#### WHAT TO WORK ON:
Produce a word-for-word copy of the lines from the one that contains "Southern Marsh YOUTH" to the final line of the data below, with all pictures dropped.

RECORDS SUPPLIED section start

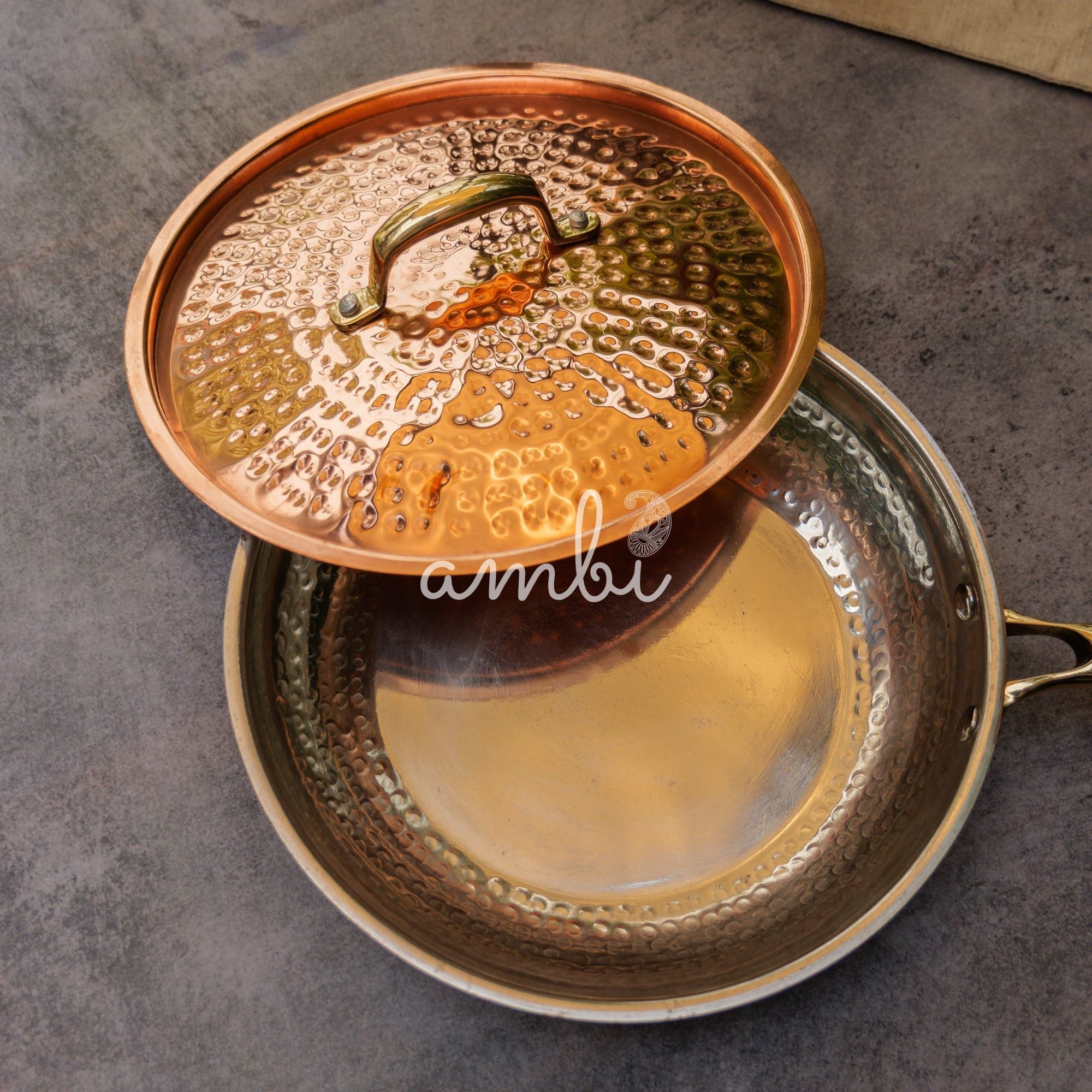 Ambi Pure Brass Copper Coated Hammered Fry Pan
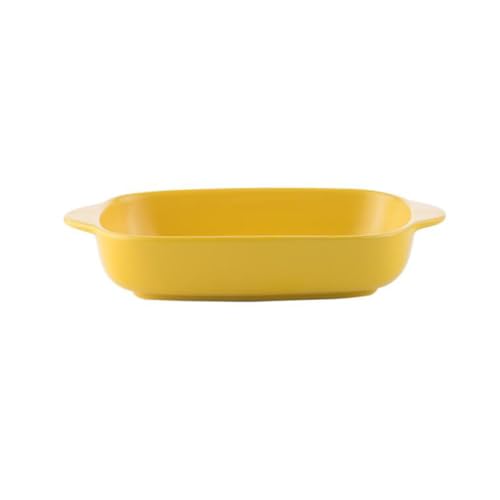 ZUNOXAZ Bandeja para Hornear Cerámica Rectangular Amarilla con Doble Asa Resistente Altas Temperaturas Práctica para Pasteles y Pan Cocina o Profesional
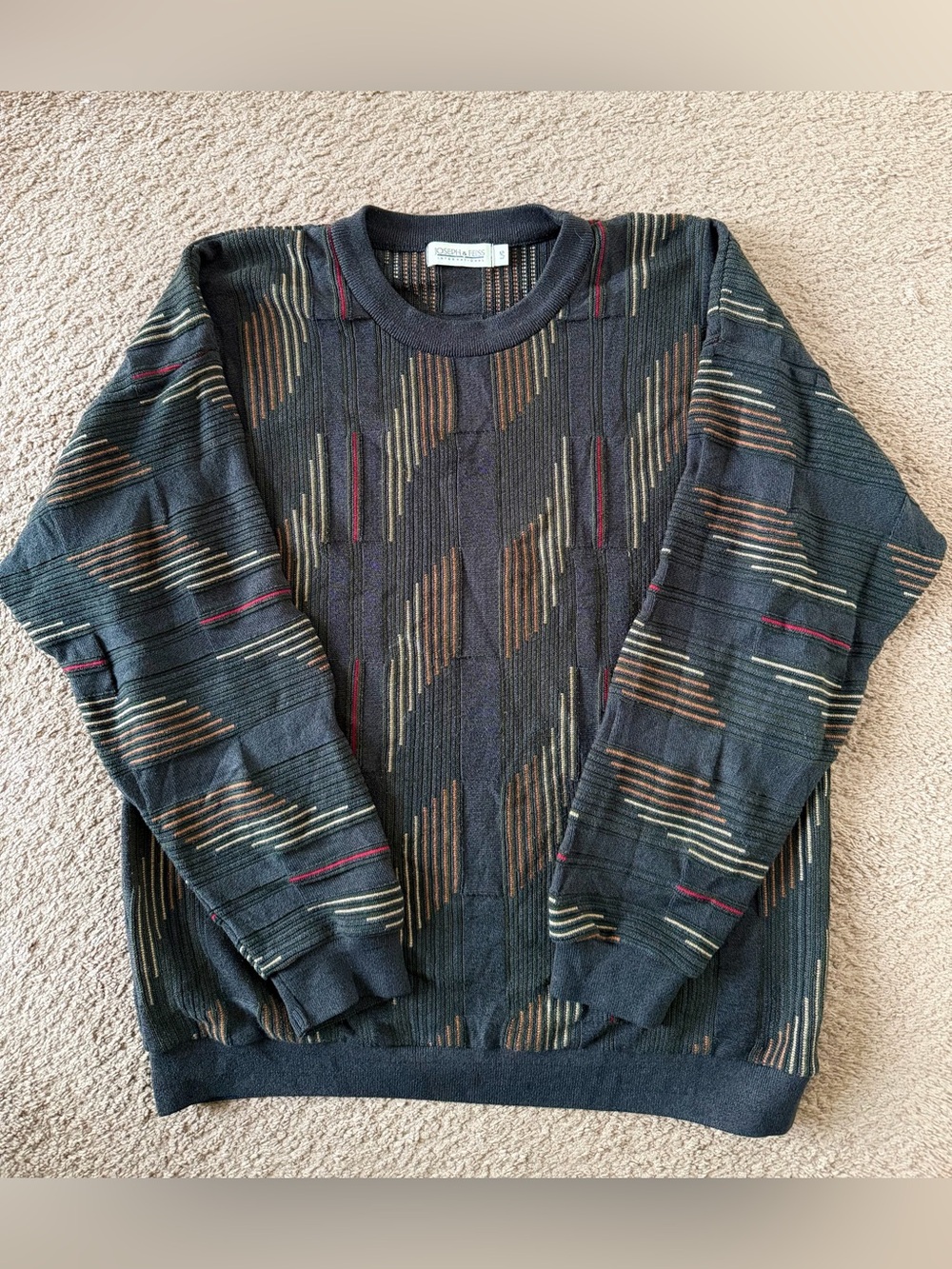 Joseph & Feiss Black Crewneck Sweater with Brown, Tan and Red Accents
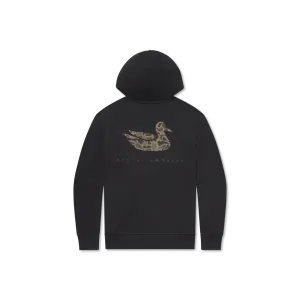 Southern Marsh YOUTH Charcoal Hoodie With Camo Duck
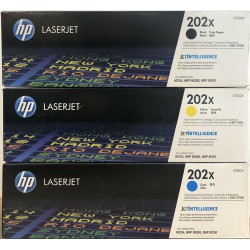 (3) HP Genuine 202X CYK Toners CF500X Sealed boxes OEM Laserjet M254 MFP M281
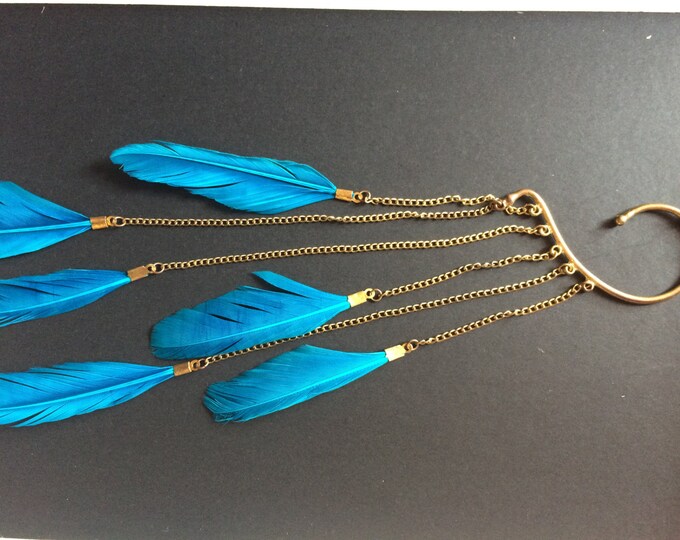 FEATHER EAR Cuffturquoise Blue Feather Ear Cuffsblue & Gold Etsy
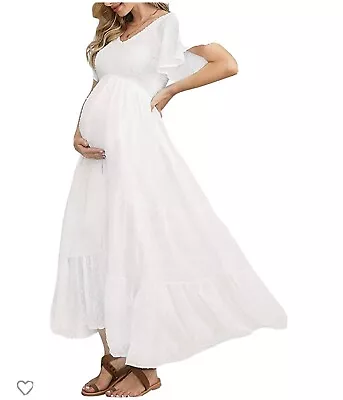 White Maternity Dress • $30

RECORDS SUPPLIED section end

#### SOLVED EXERCISE:
 Southern Marsh YOUTH Charcoal Hoodie With Camo Duck
 (3) HP Genuine 202X CYK Toners CF500X Sealed boxes OEM Laserjet M254 MFP M281
 FEATHER EAR Cuffturquoise Blue Feather Ear Cuffsblue & Gold Etsy
 White Maternity Dress • $30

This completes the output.